Two compelling new works of historical fiction explore the human dramas and decisions facing characters caught in the midst of two very real historical disasters, one in England’s Middle Ages and the other on the Atlantic Ocean during World War I.
LOVE AND ESPIONAGE ON THE LUSITANIA
Wartime espionage, a doomed ocean voyage and separate loves converge in The Glass Ocean, a mesmerizing historical mystery that links three fictional women, each at an important turning point in her life. Their stories, separated by nearly a century, are linked by a legendary historical event—the sinking of the vessel RMS Lusitania by a German U-Boat in 1915.
In the present day, an author seeking an idea for her next book opens an old box that belonged to her great-grandfather, a steward on the fabled luxury ship. She learns of his intriguing connection to a wealthy British passenger—one that possibly involves military intelligence. The box also contains tantalizing clues about two women aboard the vessel: a beautiful, wealthy Southern belle, whose industrialist husband is concealing a mysterious document; and a spunky Irish con artist, who’s attempting one last big heist while not fully aware of its true import and danger.
The Glass Ocean combines adventures surrounding the Great War with the drama of an epic historical event for a tale of obsession, romance and espionage. It blends the creative talents of three authors—Beatriz Williams, Lauren Willig and Karen White—who are looking to repeat the success of their first bestselling collaboration, The Forgotten Room (2016). Their commingled voices deliver a smoothly constructed narrative without a hitch, so readers never lose the flow or fall out of the story.
SURVIVING A PLAGUE IN THE MIDDLE AGES
After a decade’s hiatus, bestselling British crime writer Minette Walters returns to the literary scene with The Last Hours, a sprawling historical saga set in a dark era of superstition and violence.

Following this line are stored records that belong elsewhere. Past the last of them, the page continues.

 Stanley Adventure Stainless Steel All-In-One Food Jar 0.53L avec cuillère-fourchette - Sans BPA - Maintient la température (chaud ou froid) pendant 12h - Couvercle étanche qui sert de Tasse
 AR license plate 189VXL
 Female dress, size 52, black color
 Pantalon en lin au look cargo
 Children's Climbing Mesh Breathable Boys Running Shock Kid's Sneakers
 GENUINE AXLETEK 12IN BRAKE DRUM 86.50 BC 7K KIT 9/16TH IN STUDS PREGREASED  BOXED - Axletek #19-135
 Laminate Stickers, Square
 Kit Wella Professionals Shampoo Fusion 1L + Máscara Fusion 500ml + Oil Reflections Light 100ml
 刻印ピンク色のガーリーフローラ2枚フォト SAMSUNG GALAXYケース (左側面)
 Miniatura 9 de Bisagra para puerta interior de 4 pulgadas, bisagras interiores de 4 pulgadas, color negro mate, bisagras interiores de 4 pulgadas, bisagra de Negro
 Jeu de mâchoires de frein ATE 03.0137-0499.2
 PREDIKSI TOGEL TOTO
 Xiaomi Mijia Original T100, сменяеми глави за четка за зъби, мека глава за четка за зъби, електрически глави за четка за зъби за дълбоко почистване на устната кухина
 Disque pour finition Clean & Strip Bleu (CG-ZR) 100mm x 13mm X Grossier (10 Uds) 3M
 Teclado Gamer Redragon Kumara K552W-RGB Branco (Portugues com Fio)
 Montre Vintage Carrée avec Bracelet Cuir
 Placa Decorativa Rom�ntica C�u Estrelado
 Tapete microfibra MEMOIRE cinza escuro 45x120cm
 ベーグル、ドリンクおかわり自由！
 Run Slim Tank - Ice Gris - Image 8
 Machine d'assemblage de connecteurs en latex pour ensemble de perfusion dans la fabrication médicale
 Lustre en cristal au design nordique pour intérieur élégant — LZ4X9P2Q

It’s the year 1348, and the Black Death is decimating England’s population. The terrible disease has inundated a populace essentially without defenses or scientific knowledge about the pestilence, and most can do little but try to flee its ravages, with thousands dying in the attempt.
The story centers on the demesne belonging to Sir Richard of Develish, with its manor, lands and attendant serfs. After the boorish Richard succumbs to the plague, Lady Anne, his wife, who is rather progressive for the Middle Ages, implements a radical idea of walling off the rest of the manor’s occupants, serfs and all, from the outside world in an attempt to survive.
The physical isolation of the group, masters and servants alike, leads to escalating tensions and a violent death, and one group of the anxious hangers-on soon decides to leave the confines of their enclosure and head into the unknown landscape, looking for survivors and supplies. After living their entire lives in Richard’s demesne, they have zero knowledge of the lands beyond Develish, and no maps to guide them in a hostile world.
The author presents an unforgettable picture of this raw, barely civilized era and its brutal hierarchy of master, slave and serf, all of whom are in thrall to a capricious god.